**The task**
Exact copy, no pictures: every line from the one that contains "Volvo S60 Front door lower hinge" through the end of the data below, and nothing else.

======== Data to process

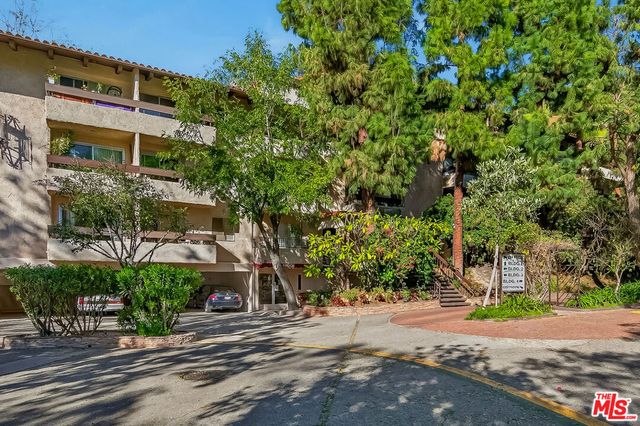 2700 Cahuenga Boulevard E. 4220, Los Angeles, CA 90068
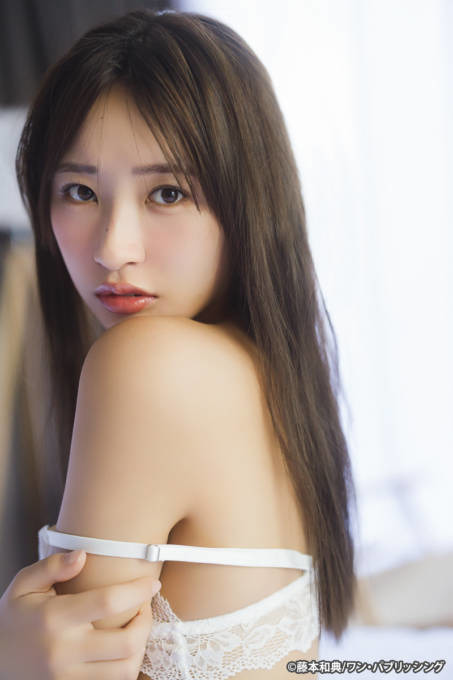 松本日向、美背中チラリのランジェリーSHOTにドキッ！ベトナムを舞台に“人生最大露出”に挑戦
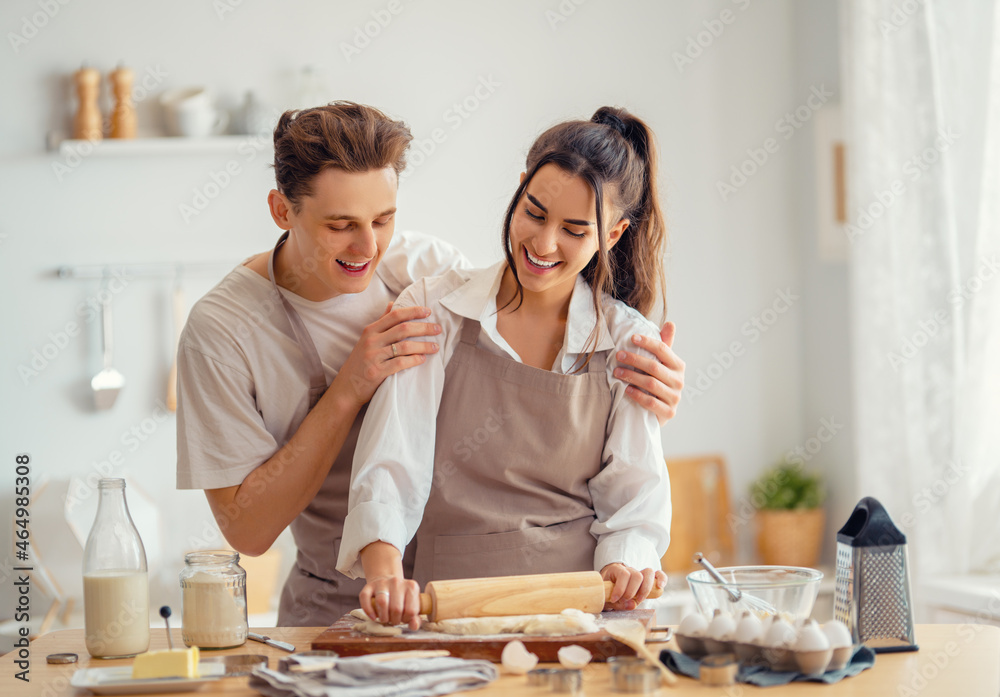 夫妇正在准备糕点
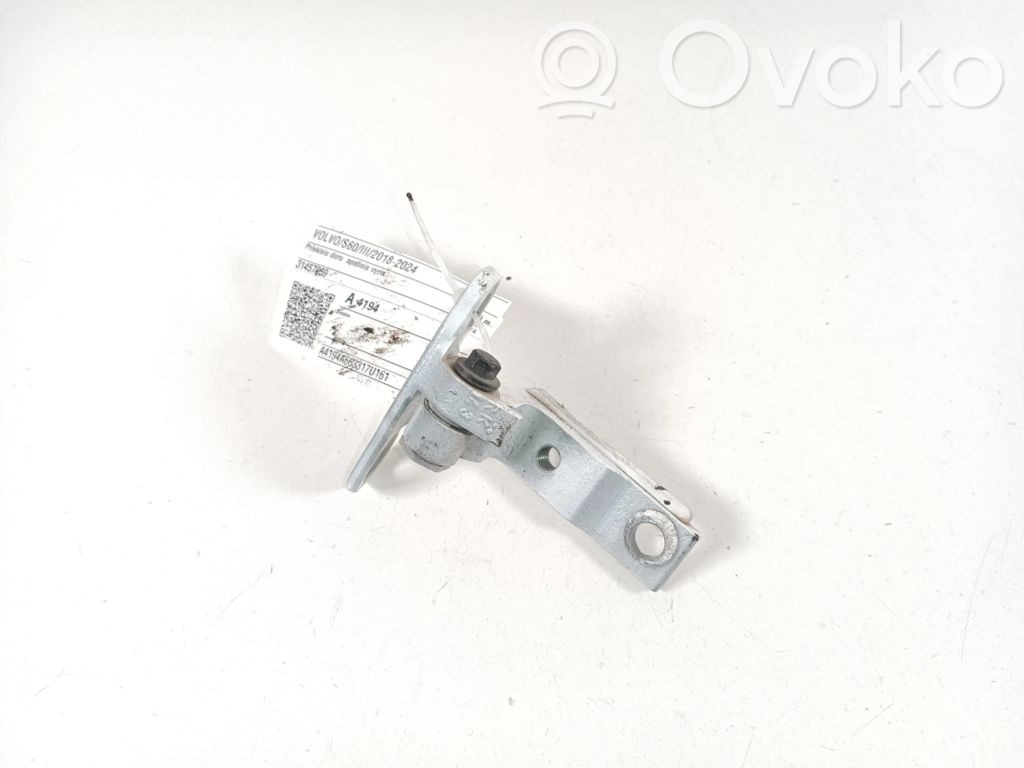 Volvo S60 Front door lower hinge 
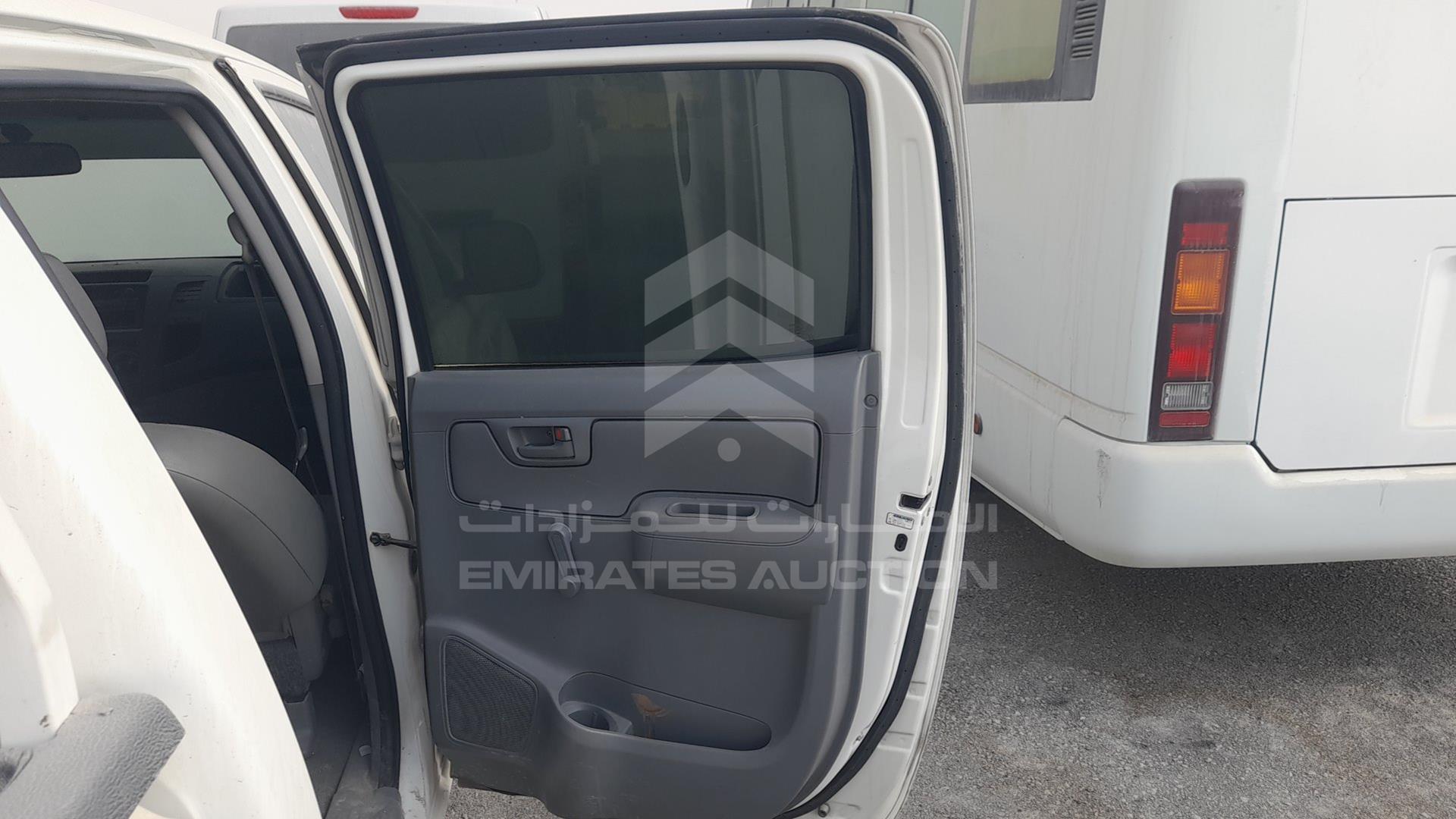 2007 TOYOTA HILUX VIN: MR0EX12G572301980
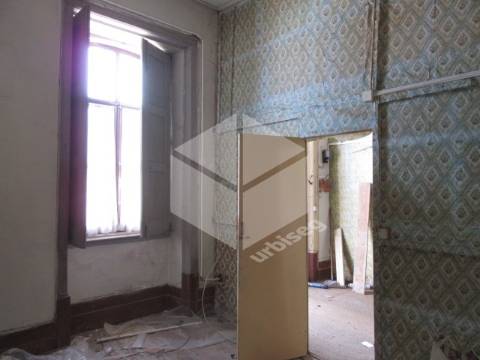 A 10 minutos a pá da Praia da Cova Gala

================

**Result below**
 Volvo S60 Front door lower hinge 
 2007 TOYOTA HILUX VIN: MR0EX12G572301980
 A 10 minutos a pá da Praia da Cova Gala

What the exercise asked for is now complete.